CALENDAR EFFECTS IN DAILY RETURNS IN INDIAN STOCK MARKET: AN ANALYSIS

Authors

  • Dr. Meenakshi A. Singh Assistant Professor, Faculty of Commerce, Banaras Hindu University
  • Dr. Dhananjay Sahu Professor, Faculty of Commerce, Banaras Hindu University

DOI:

https://doi.org/10.29121/shodhkosh.v3.i1.2022.6165

Keywords:

Calendar, Indian, Stock Market, Returns, Daily

Abstract [English]

The degree and scale of informational efficiency in stock markets are reflected in the frequency of calendar anomalies in general. Global stock markets experience a variety of oddities, and they differ from one nation to the next. Market players are constantly on the edge of exploiting stock market inefficiencies to produce extraordinary returns.
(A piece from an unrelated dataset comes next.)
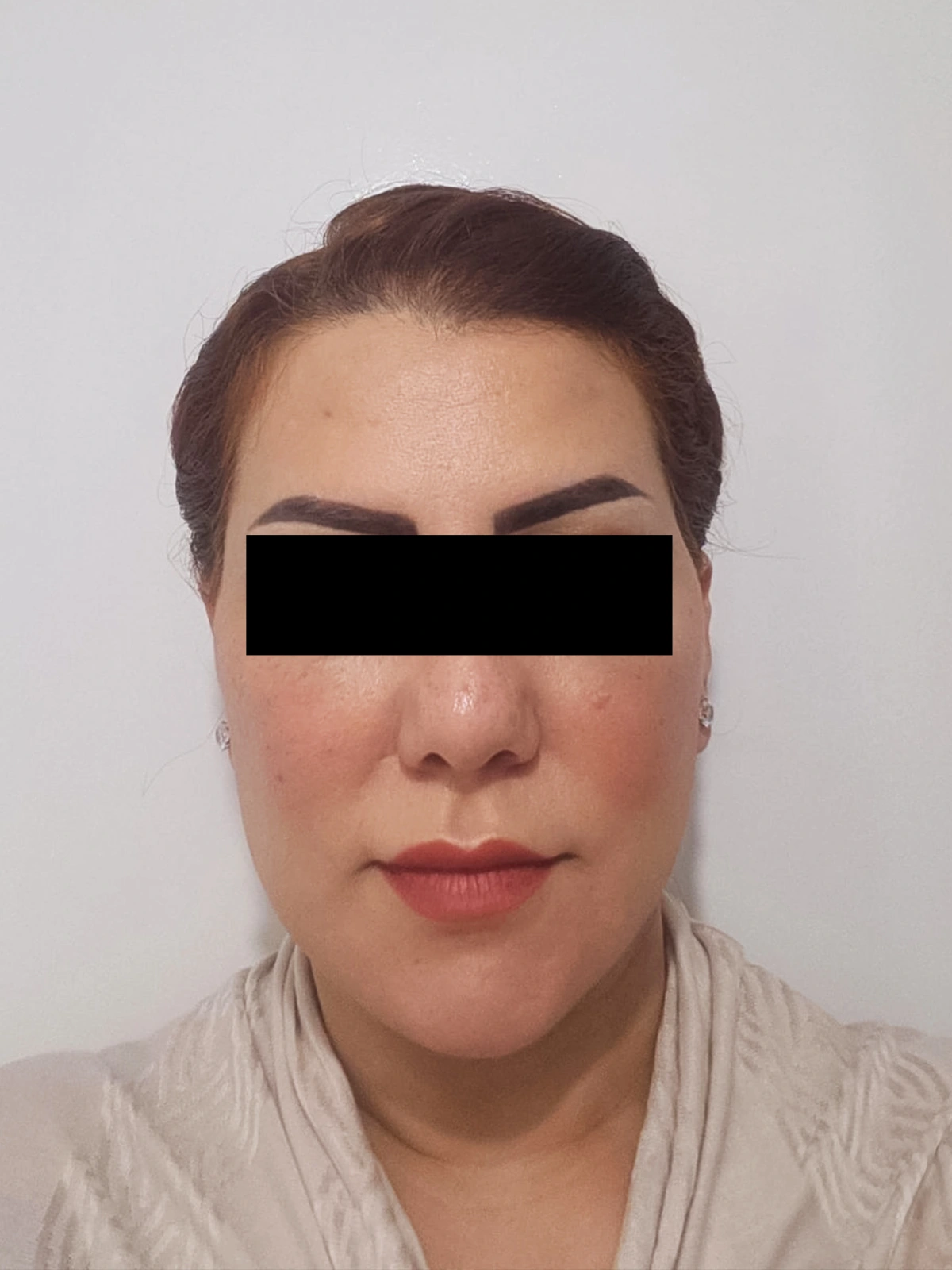 Deep Plane Facelift — after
Anomalies by day of the week significantly increase the degree of inefficiencies and distort the market. Using daily values from the BSE Sensex benchmark index from April 2015 to March 2020, the current study investigates whether the day of the week has an impact on daily returns in the Indian stock market. The GARCH model-based empirical analysis claim that the Indian stock market exhibits day-of-the-week abnormalities. By timing their investment actions correctly, market players can increase their average return and are expected to develop investment strategies to outperform the market. The results are useful, especially for small investors who are making decisions on when to enter and quit the financial market.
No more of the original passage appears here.